--- Dataset excerpts ---
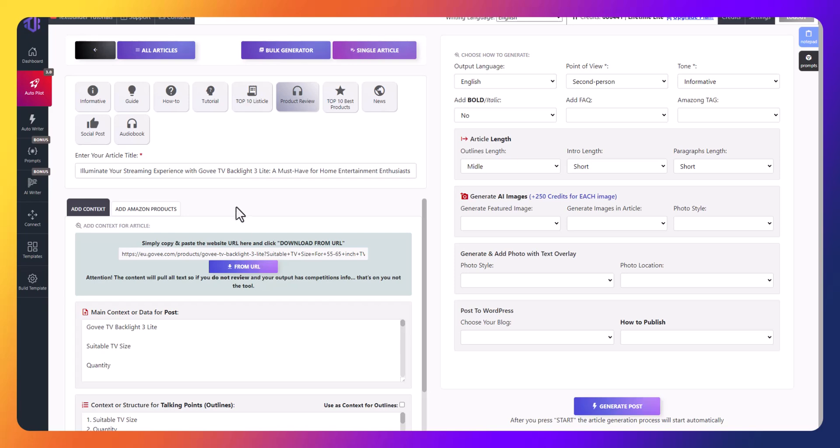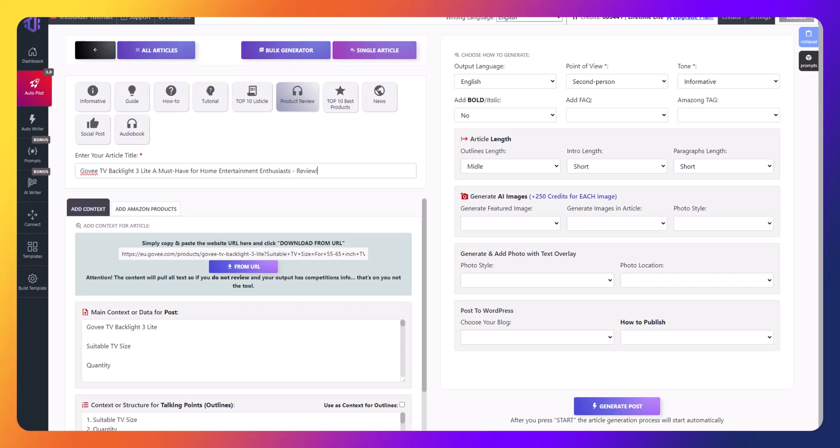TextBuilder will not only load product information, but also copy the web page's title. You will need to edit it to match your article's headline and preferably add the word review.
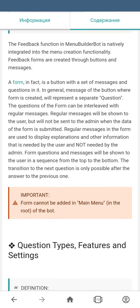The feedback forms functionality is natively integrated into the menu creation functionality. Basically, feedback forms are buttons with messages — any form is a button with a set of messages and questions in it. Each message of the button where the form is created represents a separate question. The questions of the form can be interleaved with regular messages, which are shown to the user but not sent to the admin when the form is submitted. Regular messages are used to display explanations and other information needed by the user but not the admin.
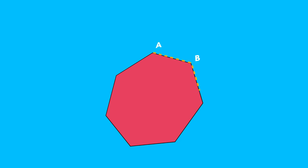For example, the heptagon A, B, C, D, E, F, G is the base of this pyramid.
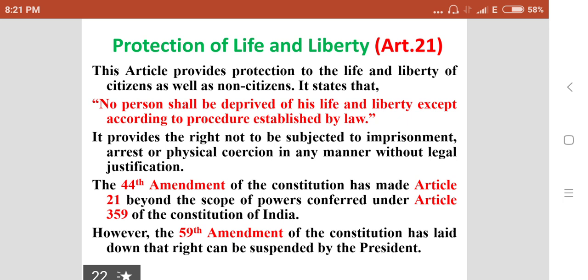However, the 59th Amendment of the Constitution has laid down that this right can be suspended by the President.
---
--- Dataset excerpts ---
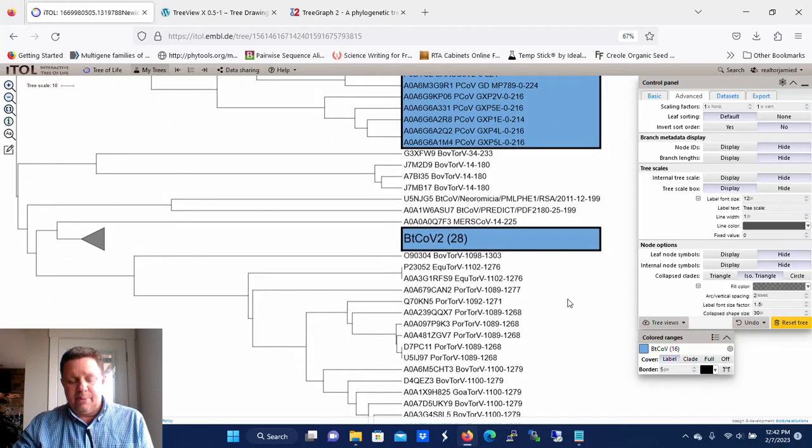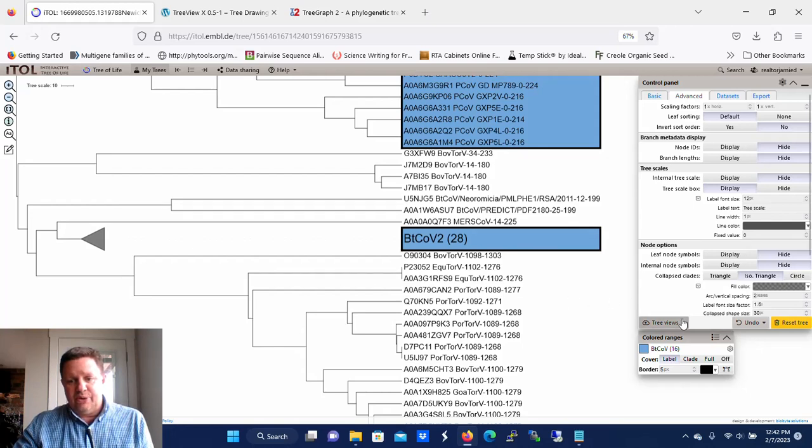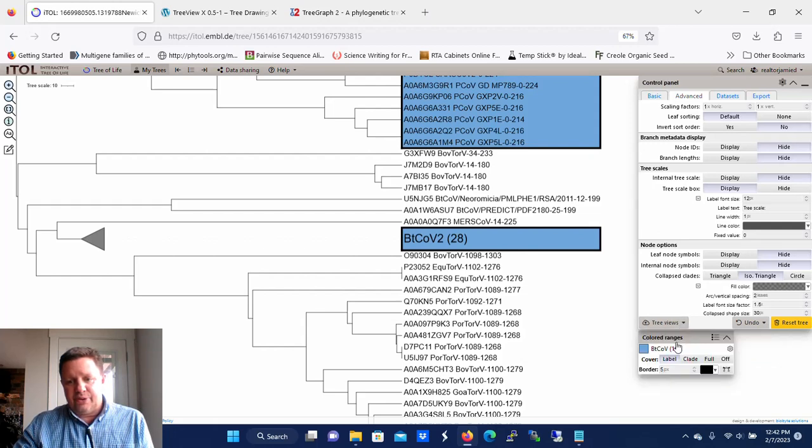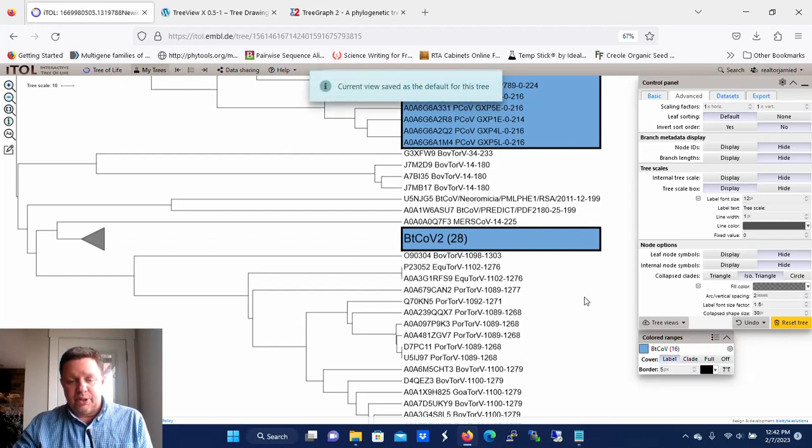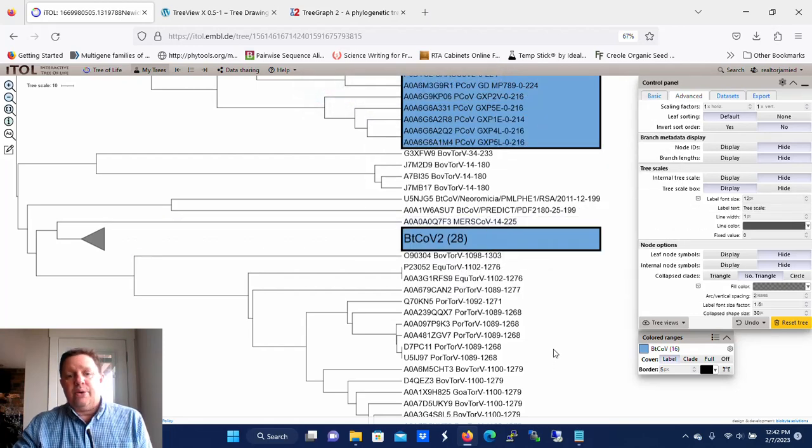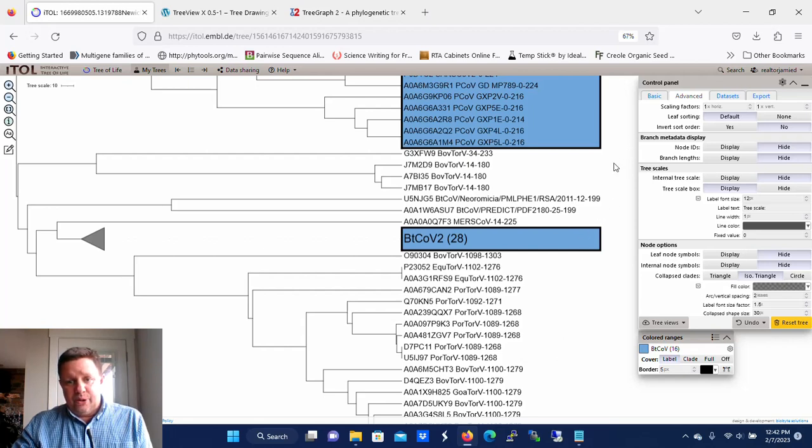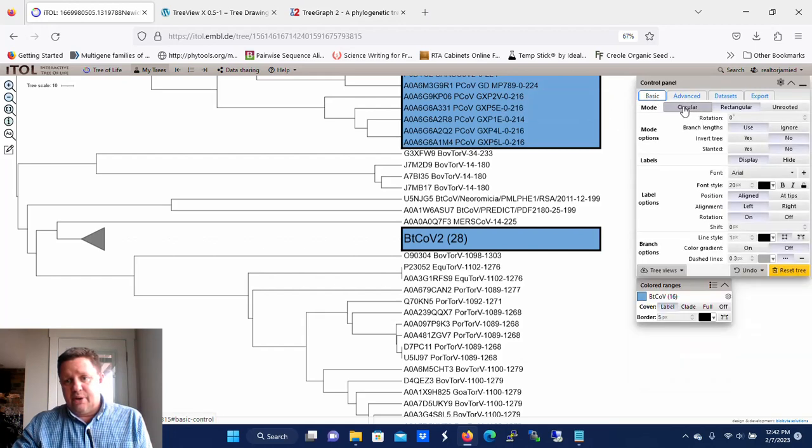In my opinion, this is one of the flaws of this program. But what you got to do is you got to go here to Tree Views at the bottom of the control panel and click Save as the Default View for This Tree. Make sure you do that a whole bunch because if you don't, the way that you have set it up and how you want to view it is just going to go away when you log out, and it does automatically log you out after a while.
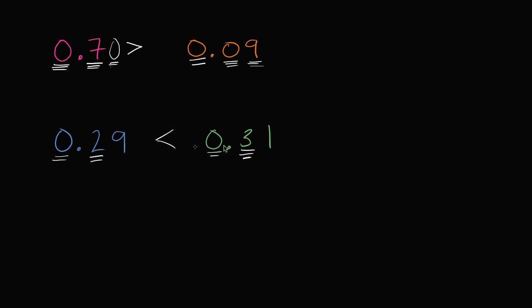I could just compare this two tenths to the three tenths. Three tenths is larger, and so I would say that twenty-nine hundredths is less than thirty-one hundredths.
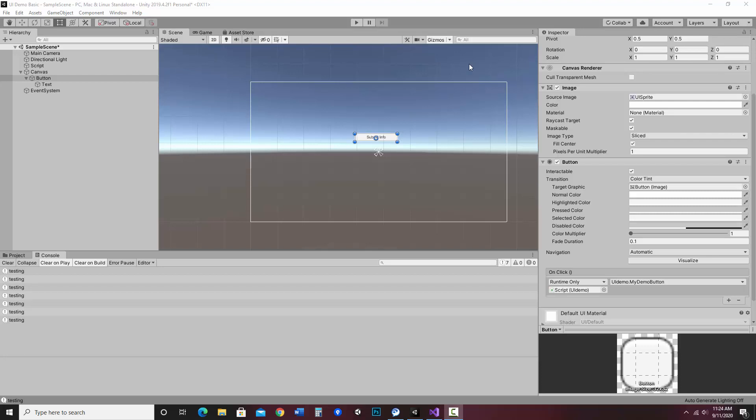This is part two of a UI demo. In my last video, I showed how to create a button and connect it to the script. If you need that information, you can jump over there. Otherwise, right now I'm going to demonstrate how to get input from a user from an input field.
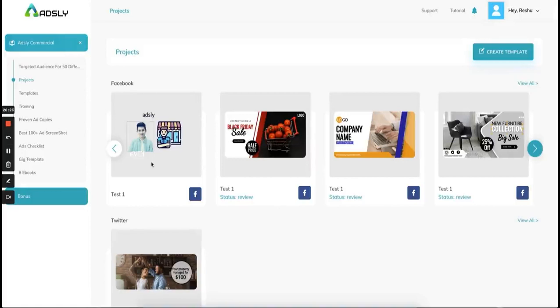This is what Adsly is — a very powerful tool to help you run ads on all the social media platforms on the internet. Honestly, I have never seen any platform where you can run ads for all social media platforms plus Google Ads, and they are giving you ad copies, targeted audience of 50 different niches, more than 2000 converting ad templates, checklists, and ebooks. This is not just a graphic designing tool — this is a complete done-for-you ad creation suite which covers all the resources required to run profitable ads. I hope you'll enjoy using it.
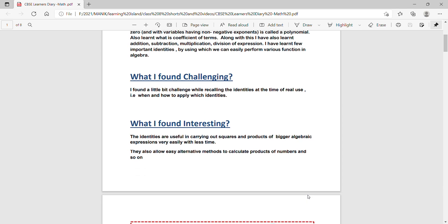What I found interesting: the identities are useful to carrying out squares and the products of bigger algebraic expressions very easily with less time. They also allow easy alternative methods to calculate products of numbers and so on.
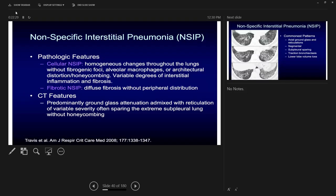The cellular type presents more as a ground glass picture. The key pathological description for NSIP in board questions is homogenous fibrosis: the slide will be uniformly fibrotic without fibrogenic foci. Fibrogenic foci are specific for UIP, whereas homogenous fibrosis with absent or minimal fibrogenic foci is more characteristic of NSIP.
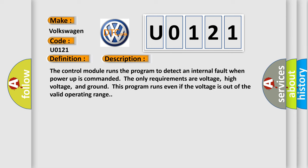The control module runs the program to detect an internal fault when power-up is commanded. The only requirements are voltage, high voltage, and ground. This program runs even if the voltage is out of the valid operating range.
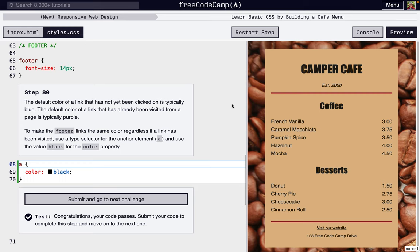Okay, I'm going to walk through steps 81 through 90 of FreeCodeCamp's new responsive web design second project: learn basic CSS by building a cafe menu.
---
* How to complete this task
From the entries above, copy exactly the lines starting at the one with "For example, the" and stopping at the one with "However, the 59th", keeping both ends. Drop the pictures.

* Task response
For example, the heptagon A, B, C, D, E, F, G is the base of this pyramid.
However, the 59th Amendment of the Constitution has laid down that this right can be suspended by the President.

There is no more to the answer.